FINDLAY, Ohio - Cooper Tire & Rubber Co., the second-largest U.S. tiremaker, on Thursday reported higher fourth-quarter earnings, helped by its restructuring of a unit that makes hoses, seals and other automotive components.
The Findlay, Ohio, company also said it expects lower earnings for the first quarter of 2003, although it sees higher full-year results if the U.S. economy picks up in the latter half of the year.
Analysts noted that profitability in the company's tire business declined in the fourth quarter and that the company said first-quarter demand appears to be soft.
"Investors will likely remain concerned about raw material costs in the near term," said Deutsche Bank Securities analyst Rod Lache in a research note.
Net income at the company increased to $23 million, or 32 cents a share, from $15.7 million, or 22 cents, a year ago.
Results were at the top end of Cooper's Oct. 16 forecast of 27 cents to 32 cents.
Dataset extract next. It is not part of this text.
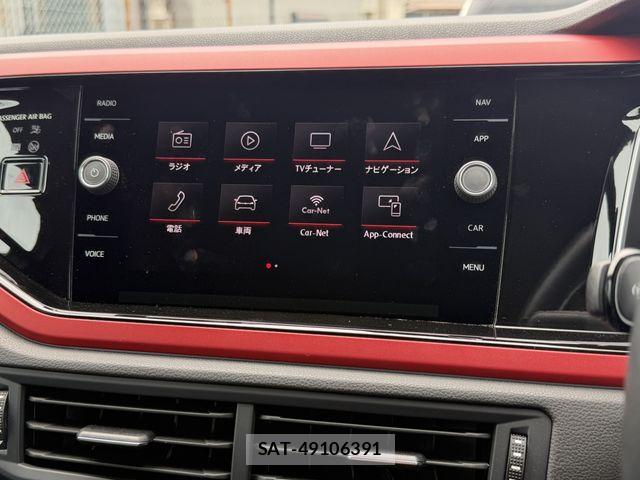 VolksWagen POLO 2020-08 8039203-9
The company warned at that point that earnings would be below analysts' estimates due to the slow U.S. economy.
Analysts' estimates ranged from 25 cents to 31 cents, with an average forecast of 29 cents, according to market tracker Thomson First Call.
Revenue rose to $842 million from $777 million.
AUTO UNIT SALES STRONG
Net sales at its Cooper-Standard Automotive unit, which makes hoses, sealing systems and other products for automakers, increased nearly 8 percent in the fourth quarter to $389 million. The company credited strong car production in North America and new business in both North America and Europe.
Operating profit at the unit jumped to $25 million from $5 million a year ago due to operating improvements and cost savings from restructuring, efficiency initiatives and increased production volume. Restructuring alone generated savings of $8 million in the quarter.
Its tire unit reported weaker results. Sales rose nearly 9 percent to $458 million, although its unit sales increased 10 percent. Operating profit fell to $30 million from $40 million a year ago.
Cooper Tire blamed the profit shortfall on "difficult operating conditions" including less favorable product and customer mix, increasing raw material costs and operating inefficiencies related to its efforts to reduce inventories.
It expects higher costs for raw materials, which have hit competitor Goodyear Tire & Rubber Co. and other tiremakers, to continue in the first half of 2003.
Unlike Goodyear, however, Cooper Tire doesn't sell tires to the carmakers. Such sales generally carry lower margins than the consumer replacement tires sold by Cooper.
The company said it postponed a previously announced tire price increase from December to January, possibly shifting some orders to the fourth quarter as a result.
As a result, Cooper Tire told analysts it expects first quarter earnings of 26 cents to 31 cents a share, down from 36 cents in the year-ago quarter.
Cooper Tire said it hopes to offset earnings pressures in 2003 with new products and increasing demand for replacement tires as well as new automotive business launches.
"We are confident that over the course of the year improving economic conditions and improvements in our own performance will allow us to achieve results even better than in 2002," said Chairman, President and Chief Executive Thomas Dattilo in a release.
Analysts' 2003 estimates have ranged from $1.40 to $1.60 a share, with an average forecast of $1.55, according to market tracker Thomson First Call.
Cooper Tire earned $112 million, or $1.51 a share, in 2002.